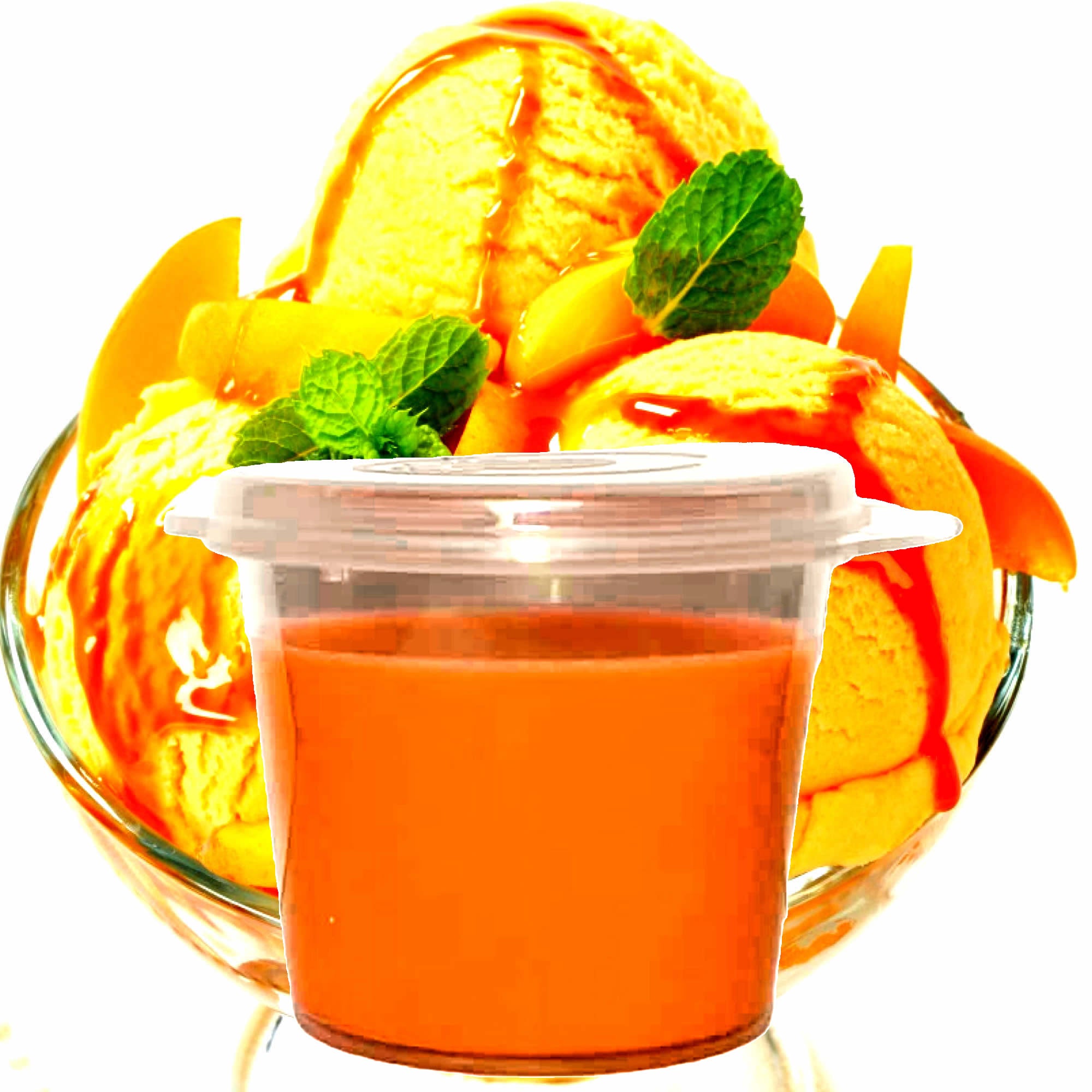 Peach Ice Cream eco soy wax melts – vegan, cruelty-free featuring creamy peach dessert aroma, handmade in Australia.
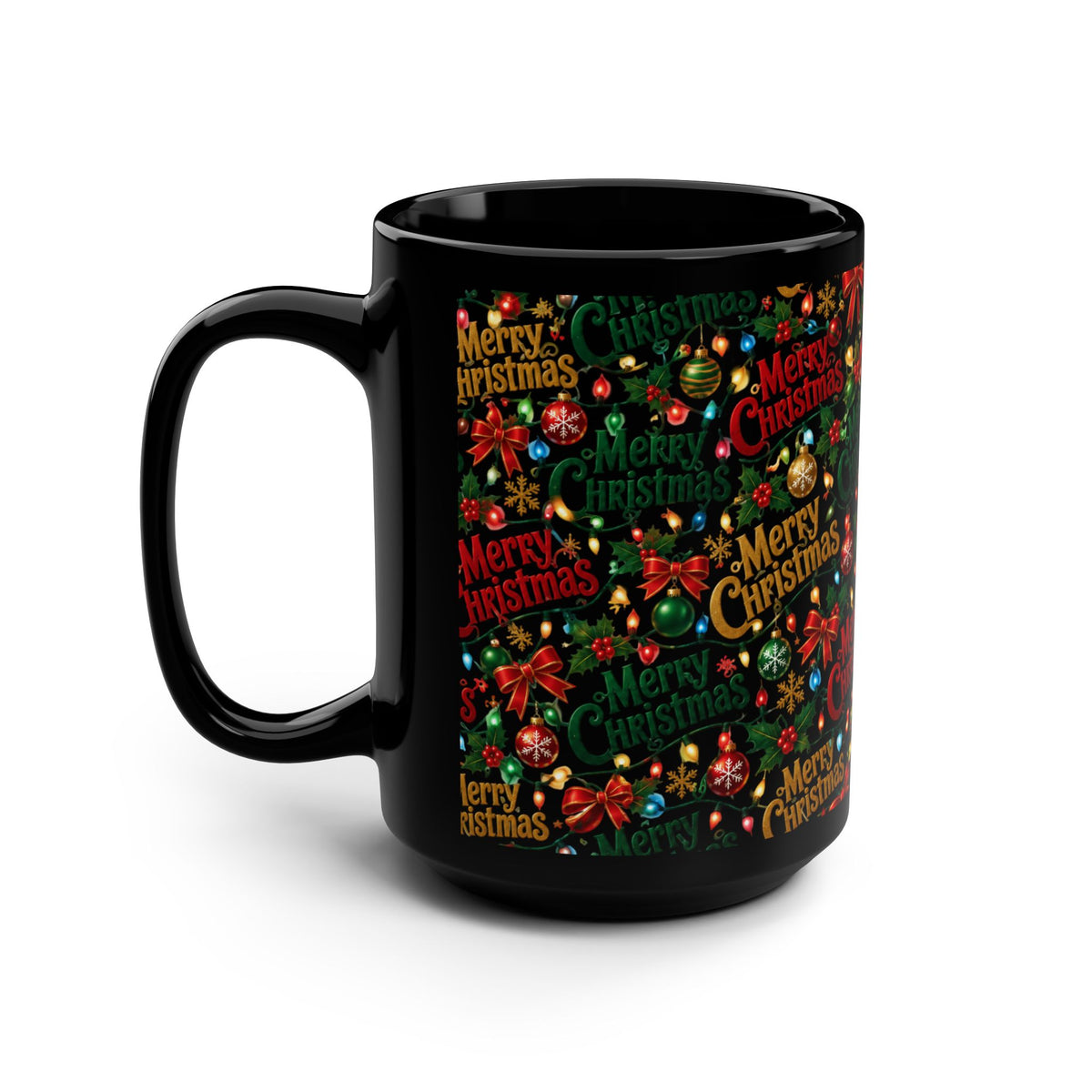 Merry Christmas 15oz Black Mug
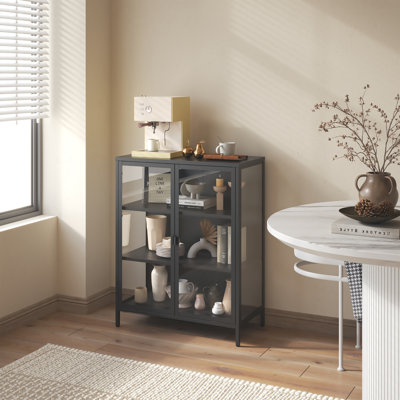 Benzion 39.96-inch Black Two Door Metal Storage Cabinet with Clear Doors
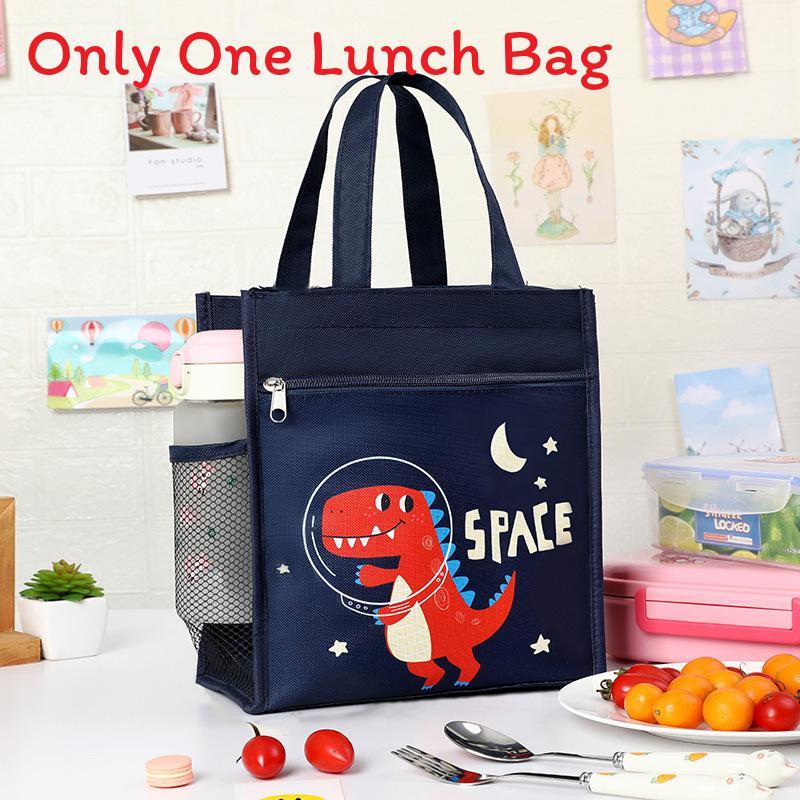 Kids Portable Canvas Lunch Box With Material For School And Outdoor Use
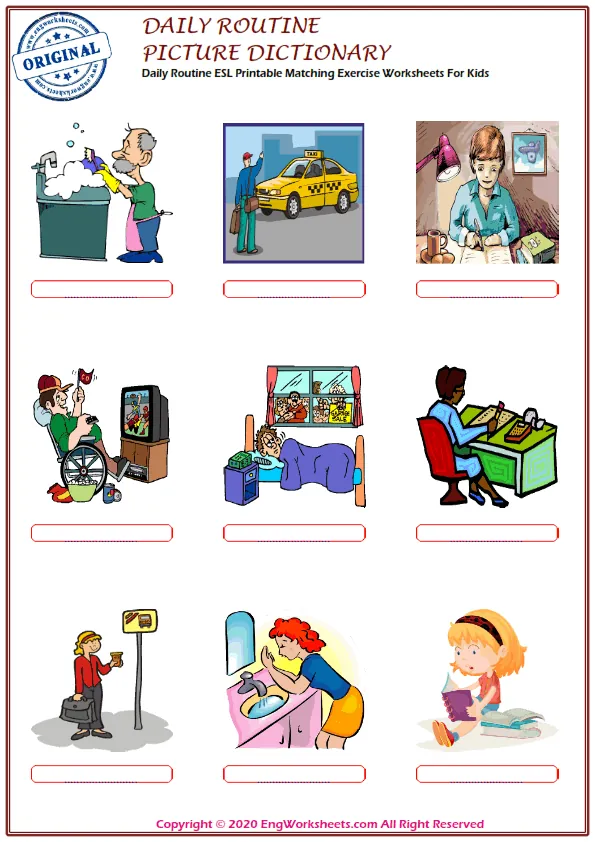 Daily Routine ESL Printable Matching Exercise Worksheets For Kids Worksheet Preview
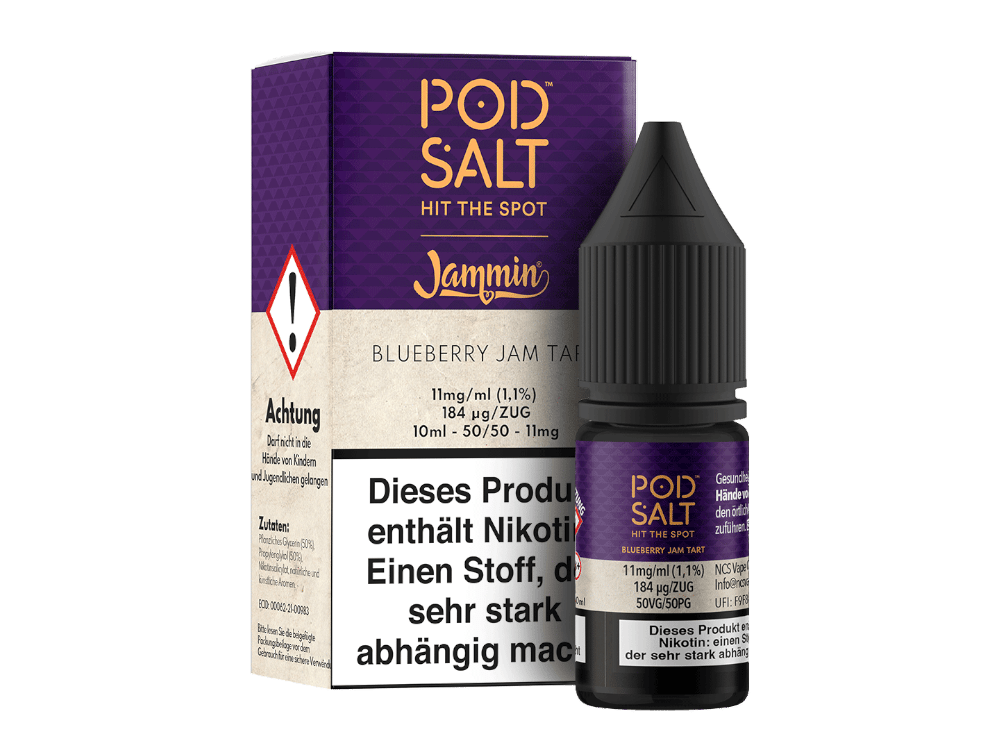Pod Salt Fusion - Blueberry Jam Tart - Nikotinsalz Liquid 11 mg/ml 100er Packung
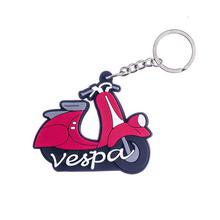 Vespa Scooter Double Sided Rubber Keychain for Car Bike Men Women Keyring (Red)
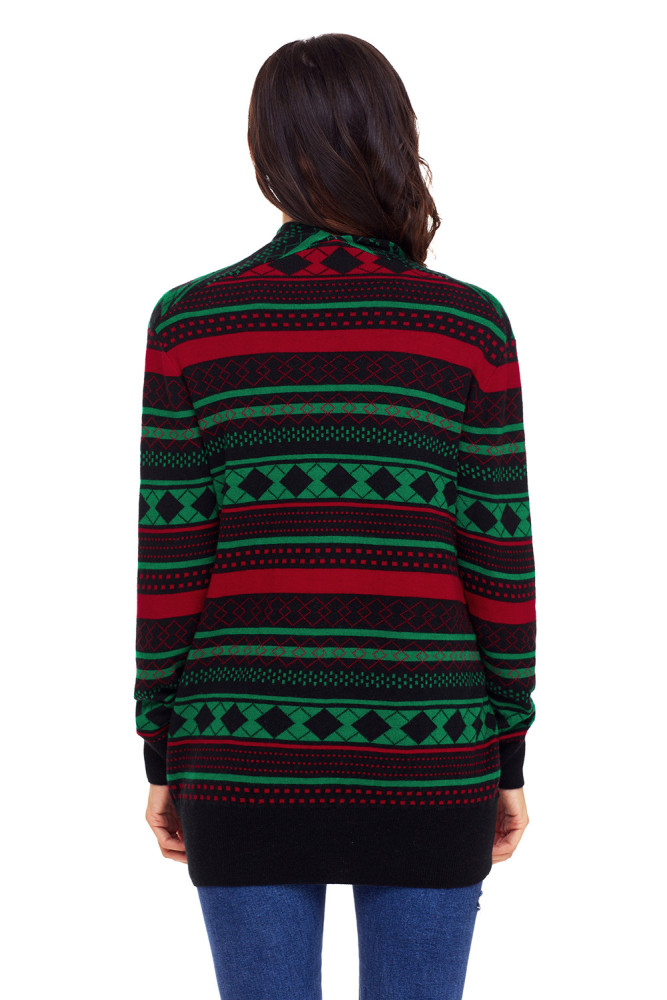 Black Red Green Geometric Knit Christmas Cardigan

**Problem details**
Copying starts at the line containing "Benzion 39.96-inch Black" and ends at the last line of the material above; repeat only those lines exactly and omit the pictures.

**Solution for this problem**
 Benzion 39.96-inch Black Two Door Metal Storage Cabinet with Clear Doors
 Kids Portable Canvas Lunch Box With Material For School And Outdoor Use
 Daily Routine ESL Printable Matching Exercise Worksheets For Kids Worksheet Preview
Pod Salt Fusion - Blueberry Jam Tart - Nikotinsalz Liquid 11 mg/ml 100er Packung
 Vespa Scooter Double Sided Rubber Keychain for Car Bike Men Women Keyring (Red)
 Black Red Green Geometric Knit Christmas Cardigan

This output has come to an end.